Sobre las leyes se dicen muchas cosas. Casi siempre para mal. Todos (o casi) las aceptan como algo necesario o inevitable, pero siempre (o casi) tras la aceptación viene la crítica. Nunca llueve a gusto de todos. Criticar las normas es fácil, hacerlas no. Un ejercicio altamente interesante sería que todos tuviéramos la obligación de participar en la elaboración de alguna ley. No pretendo hacer una defensa ni un elogio del legislador. Trato, simplemente, de poner las cosas en su justo punto.
Quien trabaja pretende siempre (o casi) obtener un buen resultado. La tarea de legislar casi nunca lo consigue si nos atenemos a las críticas que siempre (o casi) reciben los resultados. El problema de las leyes es que nunca (o casi) logran encerrar dentro de ellas todas las posibilidades de aquello que legislan. Es imposible que exista una ley diferente para cada uno de los casos susceptibles de ser legislados. Detrás de un asesinato puede haber agravantes o atenuantes. Absurdo es pensar que el legislador prevea todas y cada una de las posibilidades que puedan ser consideradas atenuantes o agravantes. Lo mismo sucede en otras muchas ocasiones. Ante esta situación no tenemos más remedio que poner sobre las espaldas de los jueces la responsabilidad de interpretar con buen juicio, nunca mejor dicho, el espíritu de la ley. El hecho de que una persona conduzca bajo los efectos del alcohol y que eso sea considerado atenuante o agravante puede ser discutible. Unos piensan una cosa y otros justo la contraria. Al final, una vez más, solo el consenso nos puede sacar del apuro. En otros casos no es tan sencillo y es el juez quien, solo, con sus conocimientos, experiencia y conciencia, tiene la difícil tarea de interpretar una norma para luego decidir en consecuencia. Este es el punto al que quería llegar.
¿Está la resolución del juez impregnada por su ideología? ¿Es posible ser neutral ante la imprecisión de una ley? Probablemente la respuesta a la primera pregunta sea siempre (o casi) afirmativa y negativa siempre (o casi) para la segunda.
Aceptamos que las leyes son interpretables. Aceptamos, también, que son los jueces los encargados de interpretarlas. Lo que es más difícil de asumir es el hecho de que la justicia pueda ser arbitraria.
Si una ley clara y concisa que no deja lugar a dudas es frecuentemente criticada, ¿qué pasará con la interpretación que de una norma más amplia y oscura haga una persona reunida tan solo consigo misma?
En estos días, todo el mundo habla de la sentencia de un juez en la que argumentaba que llamarle zorra a una mujer no podía ser considerado un insulto, puesto que con tal vocablo lo que en verdad se quería resaltar era la astucia de la susodicha y no otra cosa que solo mentes calenturientas podrían pensar. El juez, por lo que parece, ha dictado sentencia y se ha quedado tan ancho.
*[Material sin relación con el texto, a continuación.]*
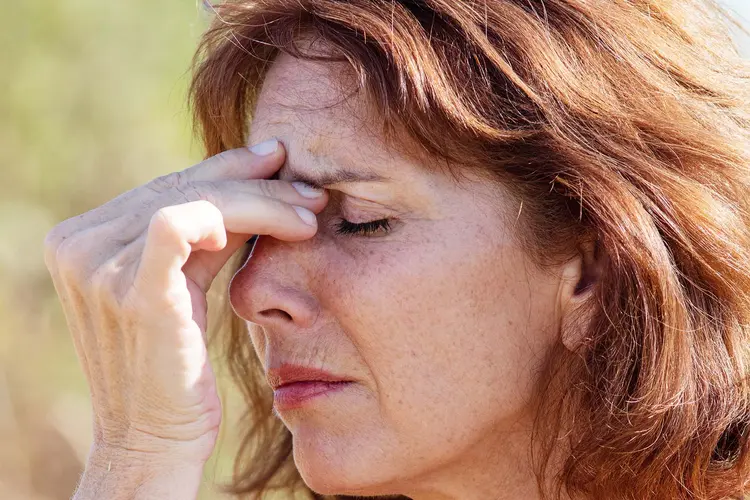 photo of woman massaging sinuses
La primera conclusión es que semejante hombre de zorro no tiene ni un pelo. La segunda es que tiene muy buena opinión de las zorras. La tercera es que no hay que ser muy zorro para darse cuenta de que jueces así derriban con su ignorancia, desvergüenza y machismo lo que tanto esfuerzo ha costado construir: el endeble entramado de la justicia. Si esta no despierta confianza, no hay nada que hacer, y los sueños de una vida en pie de igualdad donde los ciudadanos acaten las reglas del juego son imposibles (o casi).
Lo triste de todo esto es que, de haber sido un hombre el que hubiera recibido el apelativo de zorro, se habría ido a su casa tan contento al ver la alta estima en la que es considerado. La mujer, por contra, tiene que aguardar a que un sabio juez le informe y le explique que debería sentirse halagada por haber sido calificada de zorra.
¿Existen atenuantes o agravantes en este caso? ¿Es la buena voluntad del juez, su ingenuidad la que le ha llevado a interpretar el caso de esta manera? ¿No será más bien todo lo contrario y lo que subyace tras la sentencia es una ineptitud, una incapacidad y una despreciable ideología que nos impone, abusando del poder que la toga le confiere?
En fin, con estas dudas me quedo y, en mi imaginación, veo pasar astutos zorros y zorras que ven en este juez su particular Francisco de Asís.
Si vemos, en la cartelera cinematográfica, el anuncio de una película titulada El Zorro, todos (o casi) (el juez no) pensaríamos en aventuras, espadas y antifaces. Si la película se titulase La Zorra, todos (o casi) (el juez no) pensaríamos en cualquier cosa menos en la astucia.